Al comer hay que hacerlo de tal modo que los carrillos no se inflen, y es totalmente contrario a la educación tener al mismo tiempo los dos carrillos llenos.
La urbanidad de la frente, de las cejas y de las mejillas.
Es muy indecoroso arrugar la frente; de ordinario es señal de espíritu inquieto y melancólico, y hay que tener cuidado de que en ella no se manifieste rudeza, sino cierto aire de cordura, dulzura y benevolencia.
El respeto que se debe tener hacia los demás no permite, cuando se habla de alguien, darse unos golpecitos en la frente con la punta del dedo, para indicar que es persona de ideas fijas y testaruda; ni golpear con el dedo encorvado la frente de otro, para dar a entender que se tiene ese mismo sentimiento acerca de él.
Es familiaridad indecorosa que dos personas se froten la frente o se den golpecitos en la frente, una con otra, incluso por juego. Eso no es propio, en ningún modo, de personas sensatas.
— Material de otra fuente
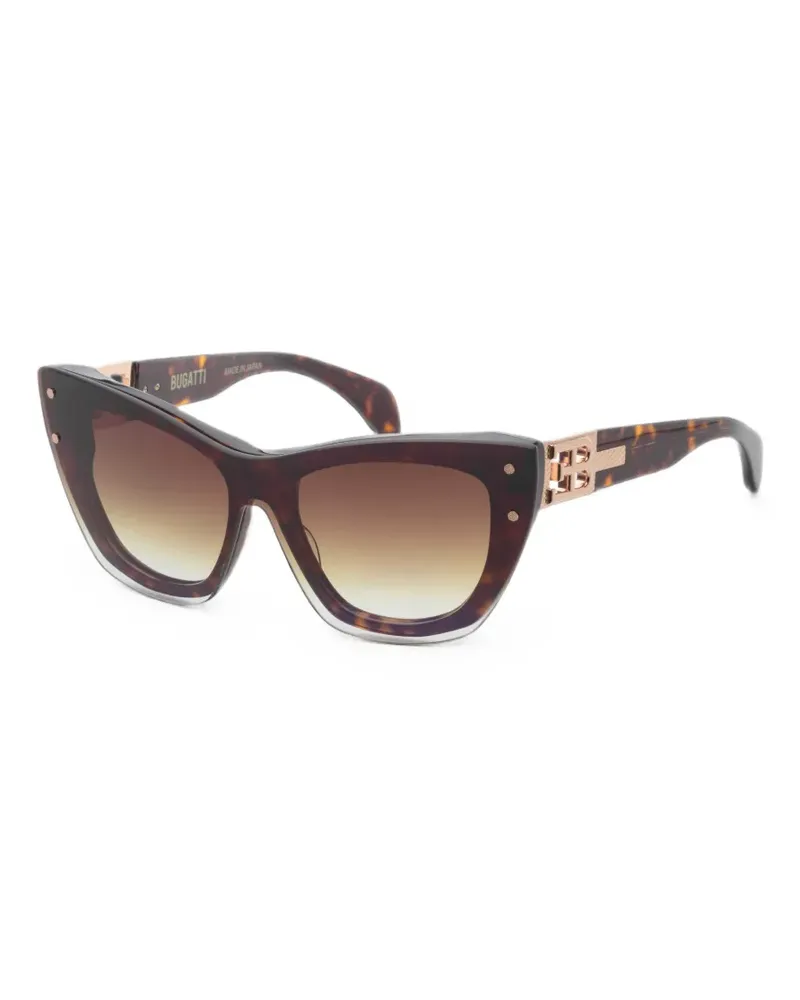 Bugatti tortoiseshell-effect cat-eye sunglasses - Braun Braun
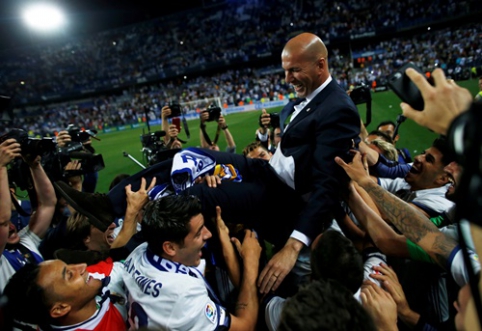 Z. Zidane'as po triumfo Ispanijoje: ši žaidėjų grupė buvo raktas į sėkmę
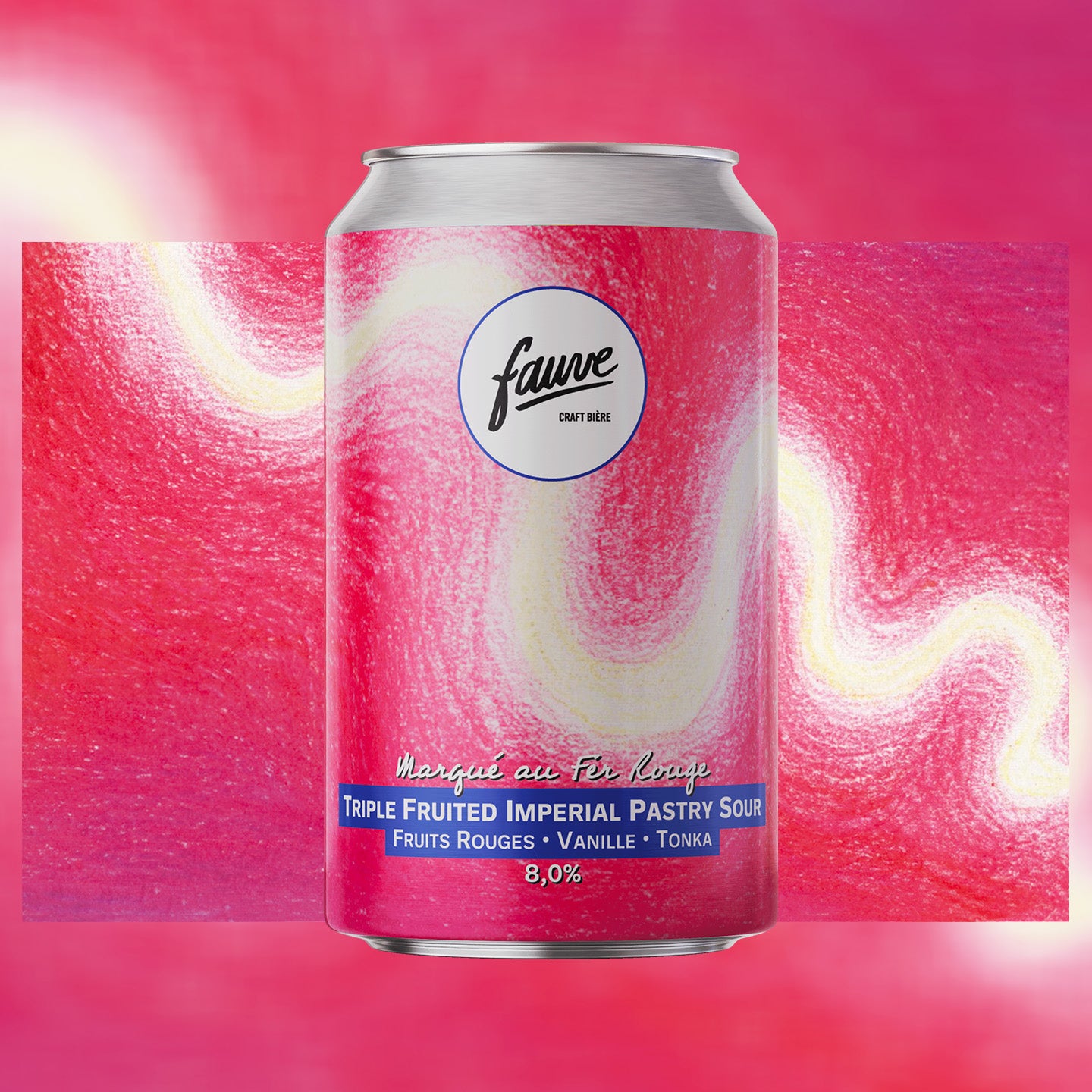 Fauve Marqué au Fer Rouge sour 33 cl boks 8 prosent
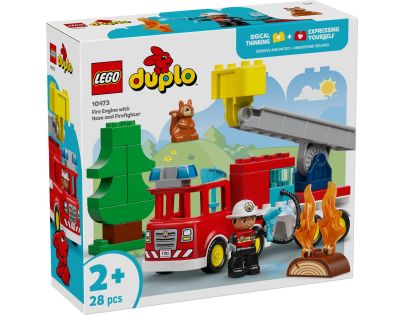 LEGO® 10473 Hasičské auto s hadicí a hasičem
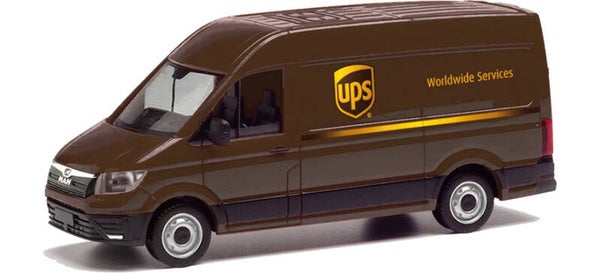 Herpa 097123 - H0 MAN eTGE Kasten HD "UPS Niederlande"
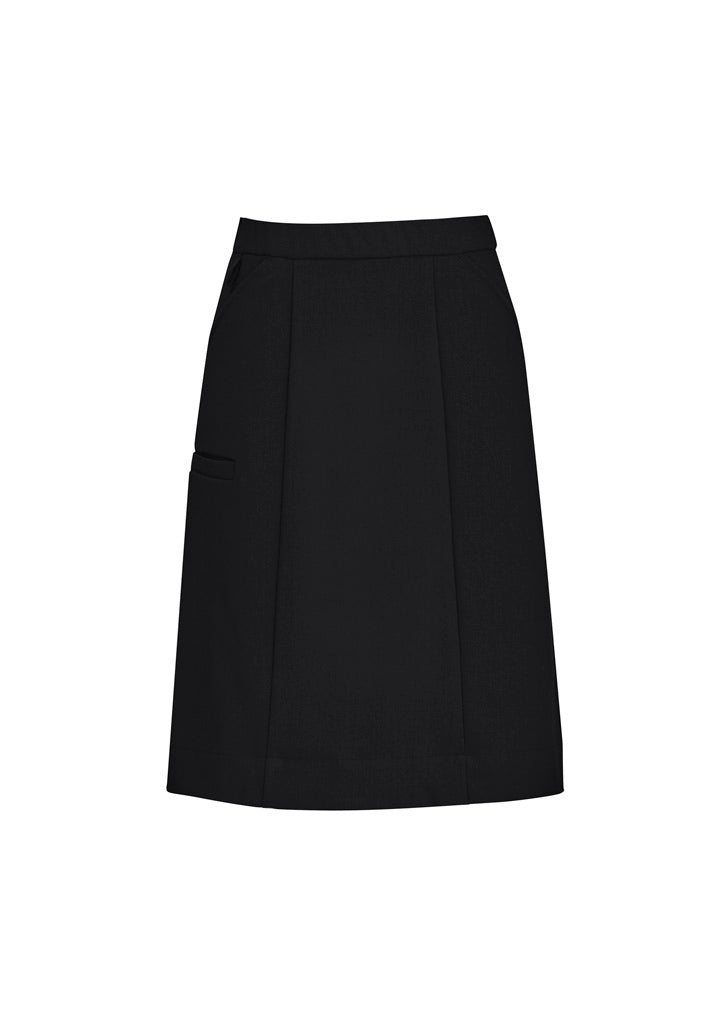 Womens Comfort Waist Cargo Skirt - Black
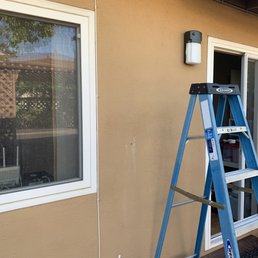 Exterior cables are secured, bend radius is appropriate, drip loops are added and holes are caulked.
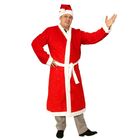 Карнавальный костюм "Дед Мороз" с мехом и снежинками, р-р 50-52 - Фото 2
Es descortés enarcar las cejas; es señal de orgullo. Hay que tenerlas siempre distendidas. Elevarlas es signo de desprecio, y hacerlas descender sobre los ojos denota melancolía.
No es conveniente cortarlas demasiado al ras, pues es propio de la urbanidad que cubran toda la carne, y que se noten suficientemente.
El más bello ornato de las mejillas es el pudor, que debe hacer que se sonrojen, en la persona bien nacida, cuando se dice en su presencia alguna palabra deshonesta, alguna mentira o alguna maledicencia. Sólo los insolentes y desvergonzados pueden mentir con osadía, o decir o hacer algo indecente sin sonrojarse.
Es poco educado remover demasiado las mejillas o llevarlas demasiado caídas. Mucho más aún, inflarlas, lo que es efecto de arrogancia o de algún movimiento de ira muy violento.
Al comer hay que hacerlo de tal modo que los carrillos no se inflen, y es totalmente contrario a la educación tener al mismo tiempo los dos carrillos llenos, de un lado y del otro. Esto es señal de que se come con extremada avidez, lo cual sólo puede ser efecto de glotonería de todo punto extrema.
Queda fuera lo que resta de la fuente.